The correct answer to the last question would be “electric current”, as the previous one is a fairly likely dialogue between the owner of a smart phone device and the device itself. Especially in the near future, when Voice Assistant programs will support more languages (including Greek, according to some recent announcements).

The dialogue is a small demonstration of some of the basic capabilities of programs that are embedded or can be installed on newer models of smartphones and the way they interact with their users. Capabilities that at first glance seem quite useless and rather silly… Like a cheap solution that aims to fulfill petty bourgeois dreams of acquiring personal assistants or service personnel. Or as if they are trying to show off that the achievements of technology have reached such levels that everyone can now see them as masters. Nevertheless, with a second thought, we can see that this game is played in a field where somewhat more substantial things (for capitalism) are at stake than petty bourgeois dreams, such as the integration of information into everyday life in a more systematic and effective – for the market, for the restructuring of work, for control – way, the organization of daily life in an algorithmic style, and the consolidation of human-machine communication. The one thing that is certain is that it has constituted a significant field of competition for major computer companies, the development of such applications, which are referred to as:

Smart voice assistants and knowledge browsers

The programs used to make dialogues like the above possible are either composed of “software agents”. Software agents can operate continuously in their electronic environment, representing their human user or other programs, and perform actions or make decisions based on the instructions given to them or the information available to them, without being under direct supervision. Essentially, they can represent their user and, as their trustees, proceed with the appropriate actions. They have the ability to evolve and learn from their “experiences” or developments in their environment. They can also interact with other agents. There are many types of software agents that can be categorized according to the purpose for which they were designed. Those found in mobile devices are characterized as smart (usually voice-based) personal assistants and knowledge navigators. The term knowledge navigator – introduced by Apple in 1987 – describes an engine that has access to a large online database of hypertext information and uses software agents to search for specific information within it.

Let us follow the recent history of these programs through the way they are advertised by the companies that offer them. Each one promises “to upgrade life” in its own way.

The beautiful woman who leads you to victory…

The first “cognitive navigation” program to be integrated into a smart phone and function as an intelligent personal assistant is Siri. Apple first introduced it built into the iPhone 4S in October 2011. The title here is what – according to the application’s creators – is supposedly meant by the name Siri (a female Norwegian name), and we can agree that it is full of meanings.

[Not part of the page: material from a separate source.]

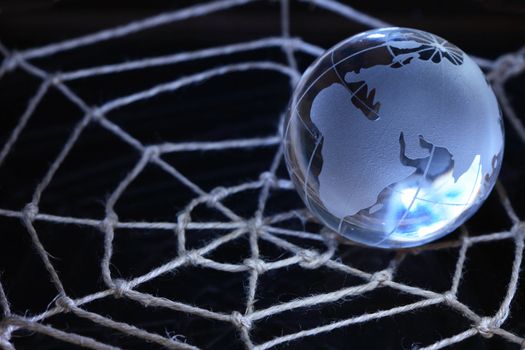 Glass globe lying on web made from rope on dark background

Siri. Your wish is her command.
[SIRI COMMERCIAL]
Siri lets you use your voice to send messages,
set appointments, make phone calls and much more.
Ask Siri to do things simply by talking to her
the way you talk. Siri understands what you say, knows what you mean
and even more, she answers back. Siri is so easy to use
and does so much, you’ll constantly find more ways
to use her.

Talk to Siri, just as you would talk to any person.

Siri is proactive, it will ask you until it finds what you’re looking for.

It helps you do the things you do daily.

Also, according to its presentation, Siri remembers your previous question and can respond with relevant information to the next question, simulating the flow of a human conversation.

The power of NOW!

One and a half years later, in July 2012, Google presents its own cognitive navigation program (Google Now), which promises to make its users more productive on a daily basis, to give confidence to their movements and certainty to their decisions, providing every piece of information at the time they need it. Even before they need it!

Video: [Introducing Google Now]
Instead of having to shuffle and organize all the information you need throughout your day, all this information is ready exactly when you actually need it. Now on Android, with a simple touch, gives you the information that is relevant to you and of interest to you. When you leave your house, Google Now is smart enough to check traffic and present you with an alternative route in case of congestion. Google Now is one step ahead, so you feel more confident as you navigate through your day. When you are at a subway station, Google Now can tell you which train is next. It can find interesting places for you to eat in the area. And when you are in a restaurant, your phone will have already prepared for you a list of the best dishes. It automatically and in real time informs you about your favorite sports teams.
With the predictive power of Now you can have whatever you need to know, exactly when you need it.
…
See useful cards with information you need during your day, even before you ask for it.
Organize your day: Keep control of what’s happening in your daily life, such as what you need to do, where you need to go and how you’ll get there.
Stay connected: Stay informed about your interests, news and other important information while on the go.
Live like locals: See insider updates about public transport, local currency, points of interest and what’s happening in general – even if you’re not in your city.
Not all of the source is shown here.